七寶右手握著什麼東西,眼睛定定地望著謝春熙,道:「你不能嫁給他。」隨後,緩緩攤開了手。
謝春熙一驚,看清那東西後,又「噌」地一下站了起來,不悅道:「姐姐!你怎麼……」
七寶手中是一塊似乎放了很久的、硬乎乎的、甚至還起了霉的綠豆糕。
「不錯,這是謝老樓主臨死前,手裡緊緊攥著的那塊,你後來也將它供奉在靈堂的香案上。」
「你拿過來做什麼?」
七寶卻不回答她,抬起另一隻手,輕輕一掰,便將那塊豆糕掰成了兩半。
「七寶!」謝春熙大呼一聲,正要發作,然而下一刻,她看見綠豆糕里,藏著一管細細的、卷著的紅紙。

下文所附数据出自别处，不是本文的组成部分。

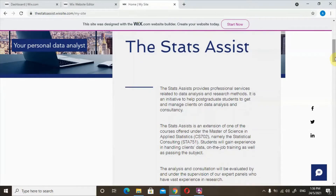Hello, welcome to the Stats Assist. The Stats Assist provides professional services related to data analysis and research methods. It is an initiative to help postgraduate students to get and manage clients on data analysis and consultancy.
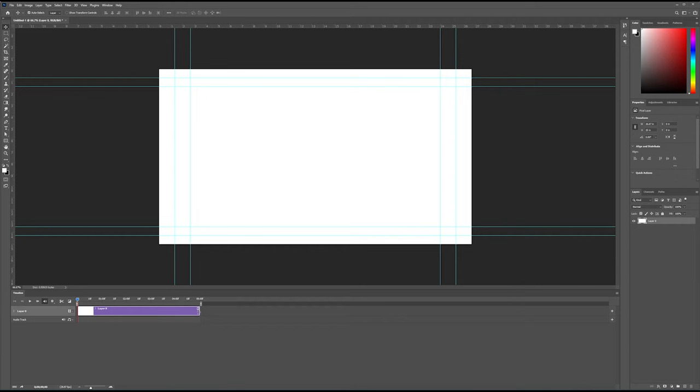Remember from our animation tutorials that the little letter F means frames, but this is not one frame. This is one second or 30 frames. So, try to keep that in mind as we go.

七寶道:「謝老樓主去織造署那日,定是知道即便帳簿泄露了出去,也不打緊,織造署還是揪不出什麼差錯,加之他一直想要為你找一門好親事,所以,他便藉此機會向織造署提出條件,要左家與謝家聯姻,這樣,風滿樓便願意受織造署的管制,如此一來,你也可以有一個好歸宿……」
謝春熙震驚著,奪過那捲生辰紙,就要搓開。
七寶又道:「那日,謝老樓主將你的生辰八字交給了他們,如果我沒猜錯的話,這紅紙上,應該是左家公子的生辰八字……」
謝春熙剛一搓開,果然如此。然而,八字之外,卻還有陳舊的血跡。
七寶卻似乎很快就看出了那是什麼,試探著道:「曹織造或許同意了,可左老執事卻一定不會願意,他一直視風滿樓為骯髒之地,恨不得將我們連根扳倒,怎麼可能搭上自己家族的名聲?所以,趁老樓主回來的路上,左老一定是動了什麼手腳,才使得老樓主遭了意外……」
謝春熙再一看,那血跡原來是一個匆匆寫就因而十分潦草,卻依然力透紙背的「譽」字。
「這是,我爹寫的……」謝春熙認出了她爹的筆跡,捏著生辰紙的手不可遏制地顫抖起來,「原來,原來爹爹早就將要害死自己的兇手告訴我了!我卻,沒能想到……」她險些沒能站穩,知書眼疾手快地扶住了她。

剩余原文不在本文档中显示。